Instructions for the task:
Leave out the images and return all the data word for word.

Given data:
━━━
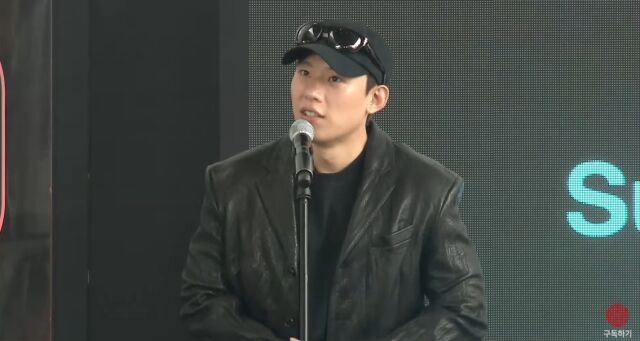 제30회 부산국제영화제 영화 '파과: 인터내셔널 컷' 야외무대인사/부산국제영화제 생중계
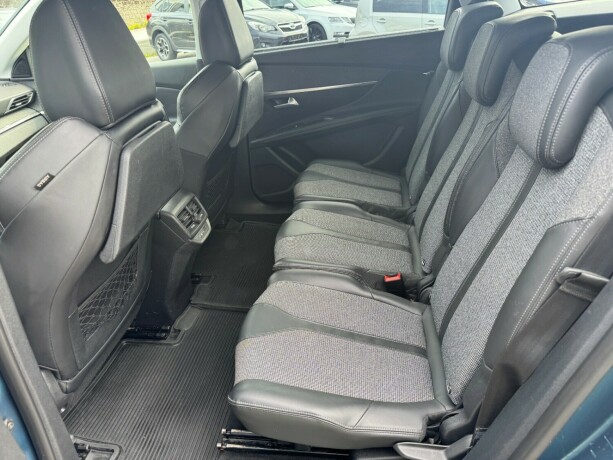 peugeot-5008-bensin-2018-big-12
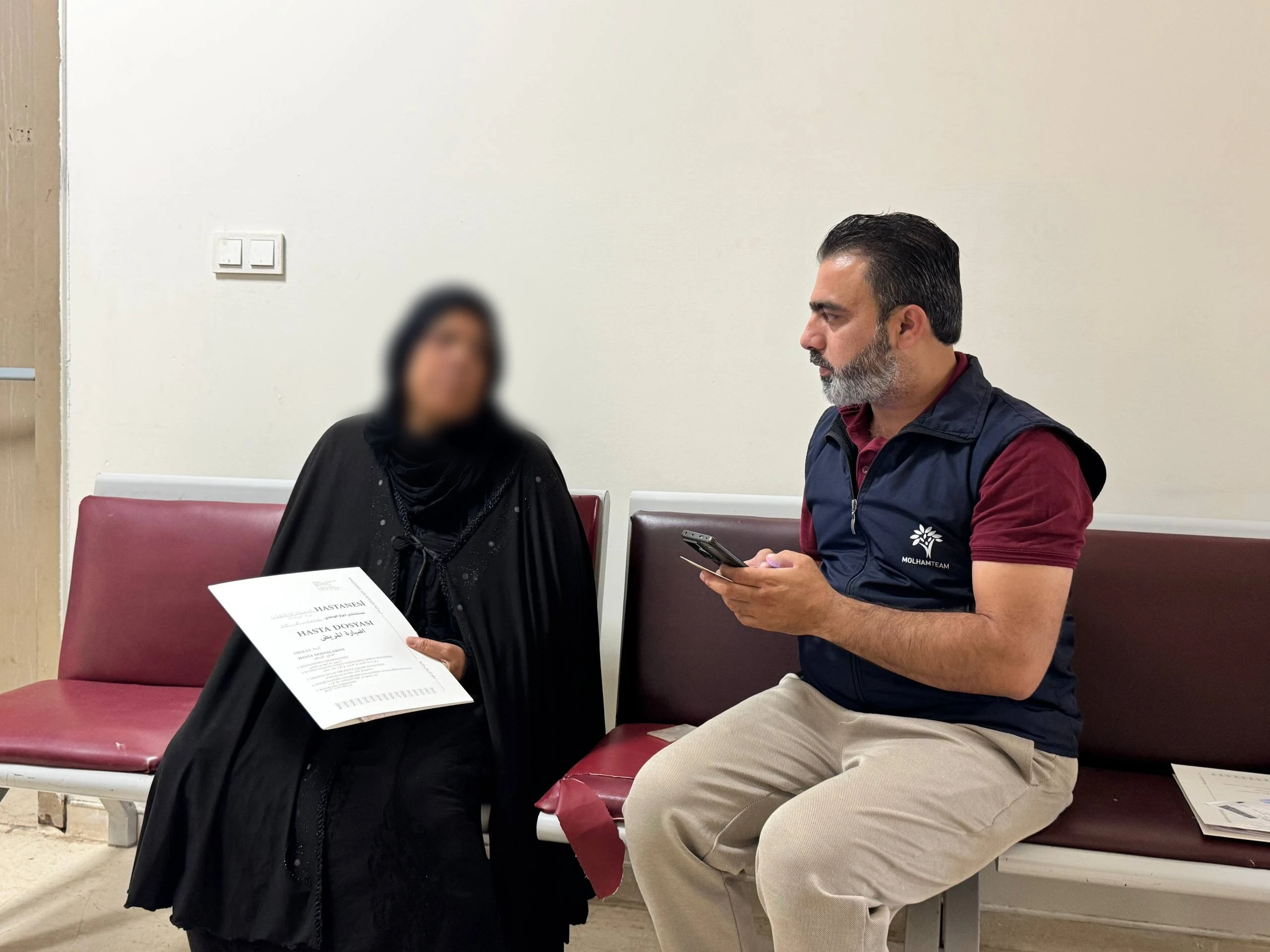 عمليةُ المياة البيضاء لإنقاذ نظرها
━━━
Written response:
 제30회 부산국제영화제 영화 '파과: 인터내셔널 컷' 야외무대인사/부산국제영화제 생중계
 peugeot-5008-bensin-2018-big-12
 عمليةُ المياة البيضاء لإنقاذ نظرها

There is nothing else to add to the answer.